Collected data:
★ ★ ★ ★ ★ ★ ★
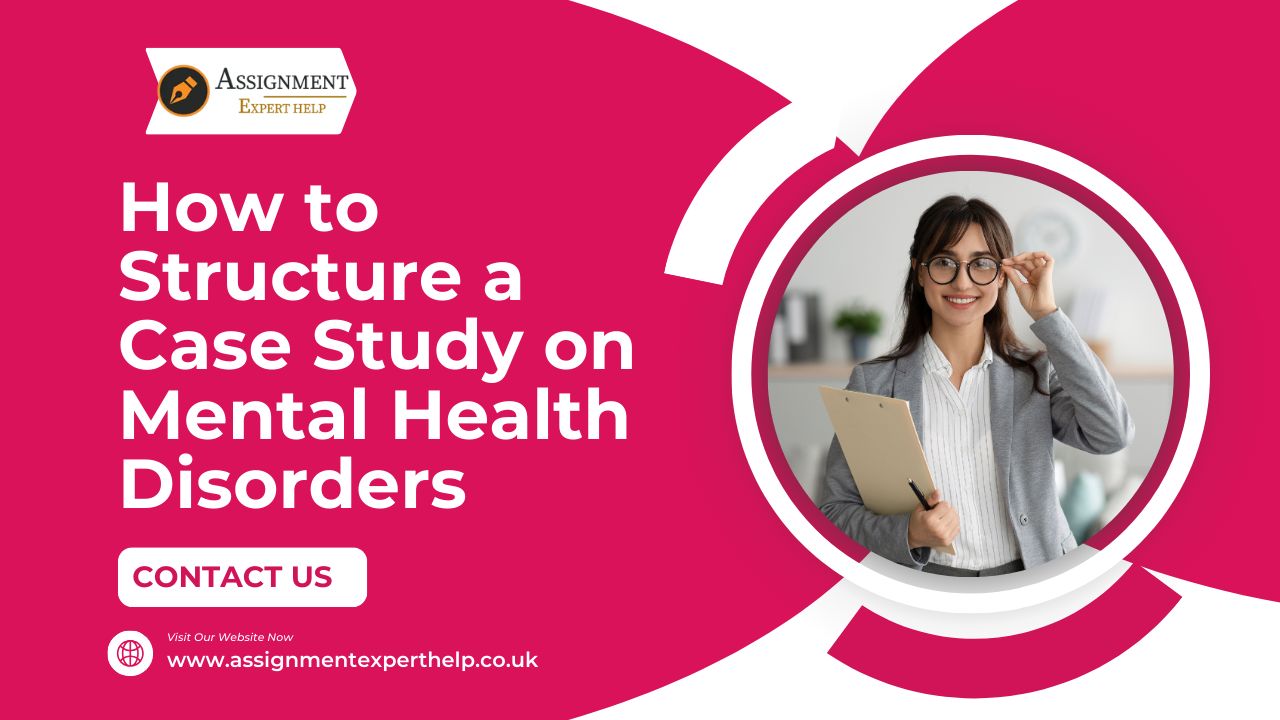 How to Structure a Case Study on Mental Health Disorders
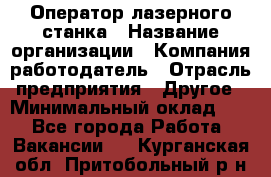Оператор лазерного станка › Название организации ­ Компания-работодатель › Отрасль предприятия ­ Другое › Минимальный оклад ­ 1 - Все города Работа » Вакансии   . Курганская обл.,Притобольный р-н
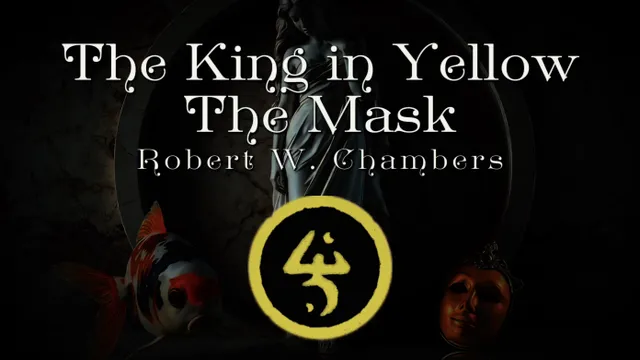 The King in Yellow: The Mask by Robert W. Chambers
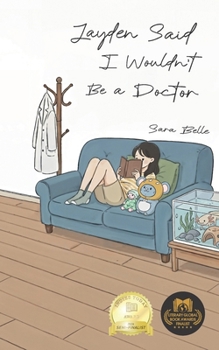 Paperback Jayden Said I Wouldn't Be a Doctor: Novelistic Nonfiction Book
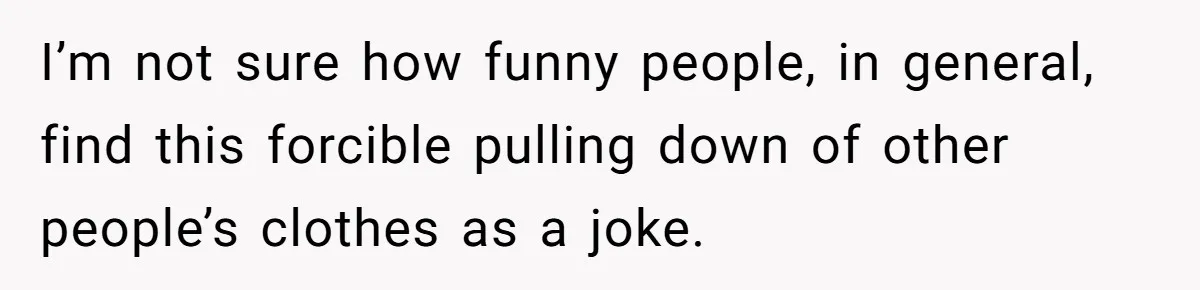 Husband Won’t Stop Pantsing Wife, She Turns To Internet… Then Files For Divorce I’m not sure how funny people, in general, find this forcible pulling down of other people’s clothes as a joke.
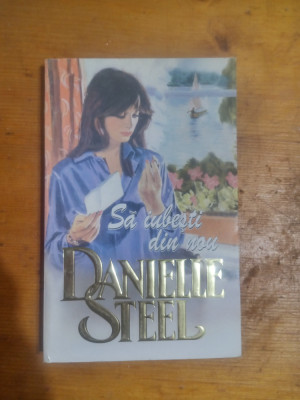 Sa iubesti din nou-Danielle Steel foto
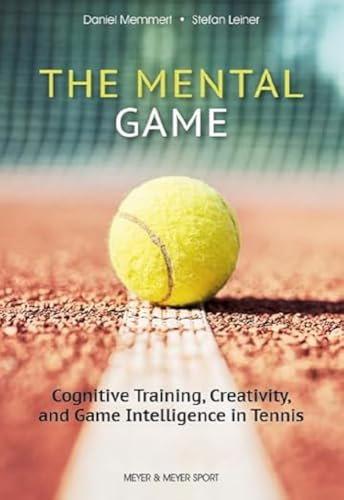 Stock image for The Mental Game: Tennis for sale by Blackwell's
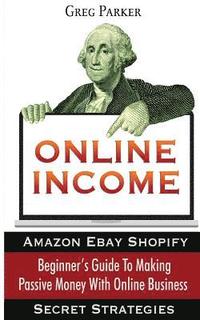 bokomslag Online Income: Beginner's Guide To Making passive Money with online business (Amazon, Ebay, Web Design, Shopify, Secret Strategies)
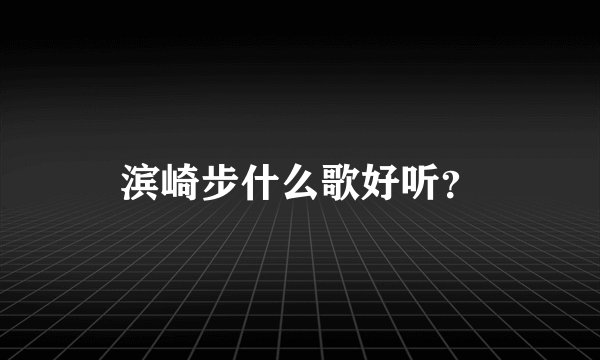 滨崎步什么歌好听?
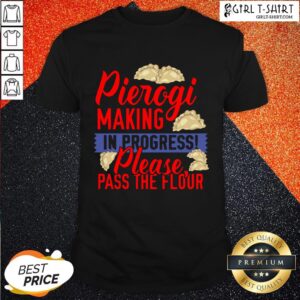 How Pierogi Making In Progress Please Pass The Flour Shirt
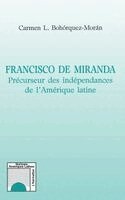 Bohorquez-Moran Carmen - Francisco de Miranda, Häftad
★ ★ ★ ★ ★ ★ ★
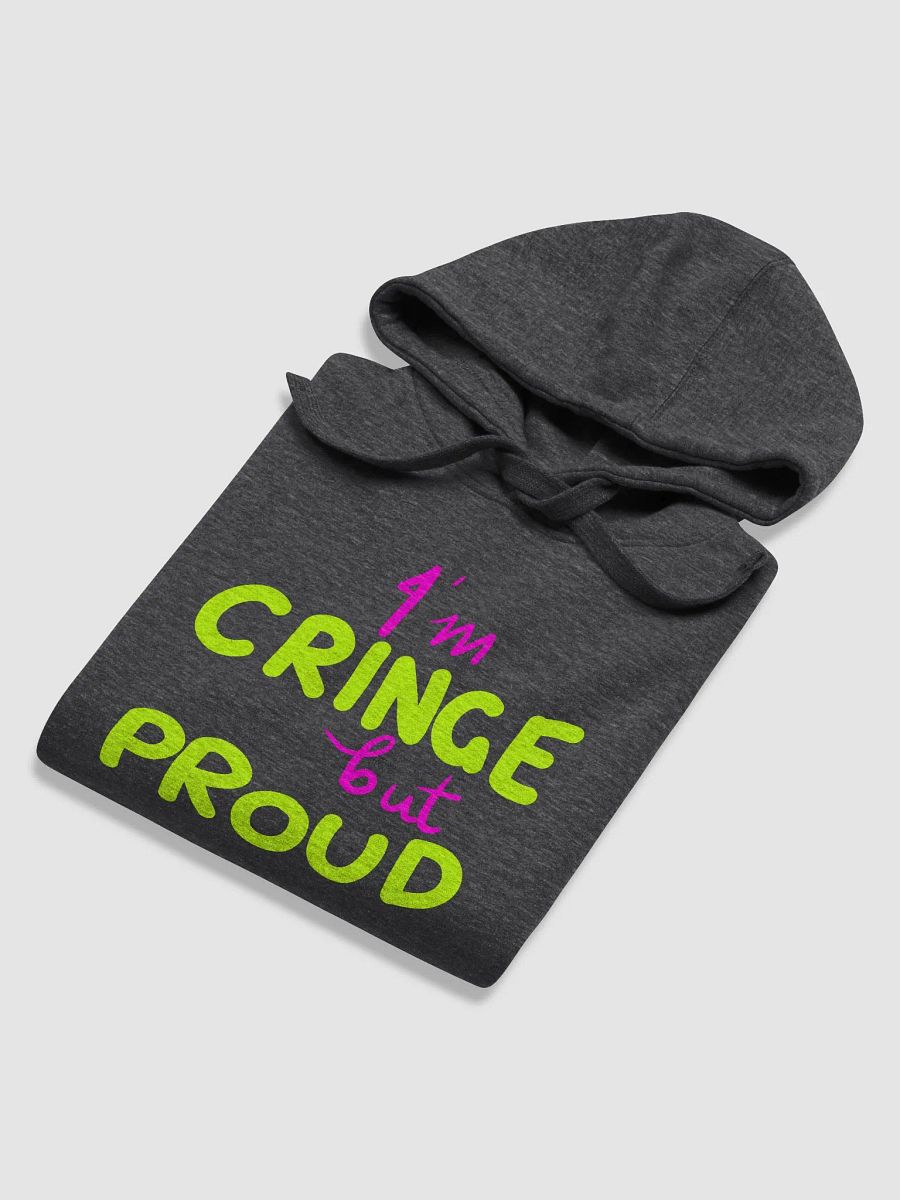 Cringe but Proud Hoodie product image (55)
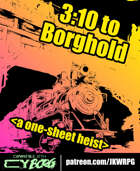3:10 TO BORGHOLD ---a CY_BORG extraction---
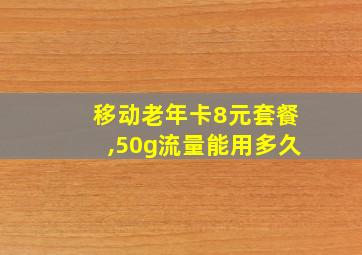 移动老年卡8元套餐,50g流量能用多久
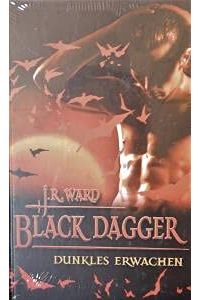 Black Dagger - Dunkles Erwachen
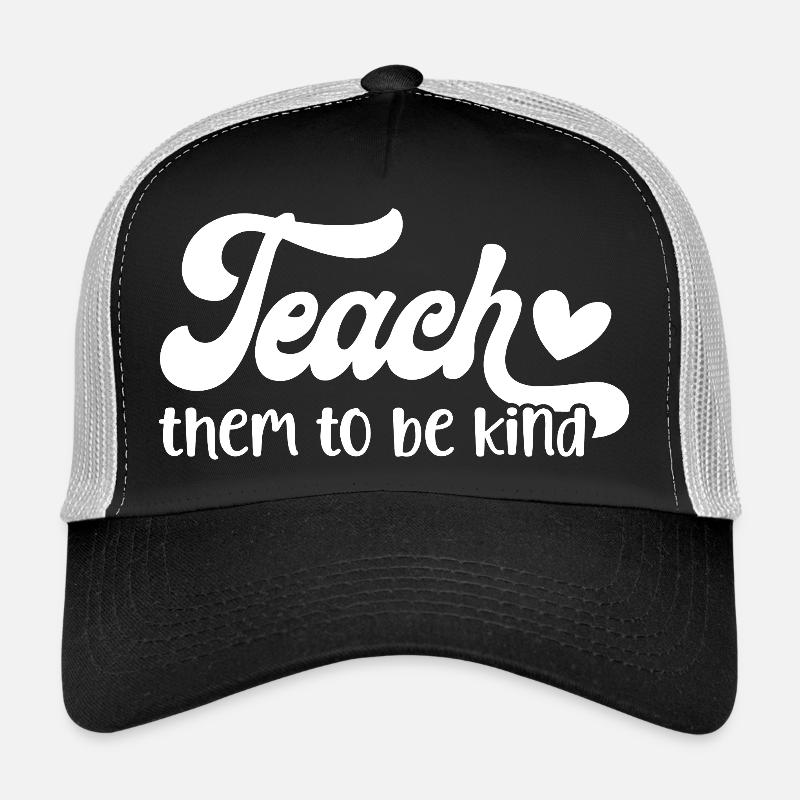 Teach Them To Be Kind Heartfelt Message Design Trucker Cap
★ ★ ★ ★ ★ ★ ★
WORK REQUIRED:
Set the pictures aside and reproduce exactly the lines above, from the line holding "Оператор лазерного станка" through the line holding "The King in", both included, with nothing else.

SOLVED EXERCISE:
Оператор лазерного станка › Название организации ­ Компания-работодатель › Отрасль предприятия ­ Другое › Минимальный оклад ­ 1 - Все города Работа » Вакансии   . Курганская обл.,Притобольный р-н
 The King in Yellow: The Mask by Robert W. Chambers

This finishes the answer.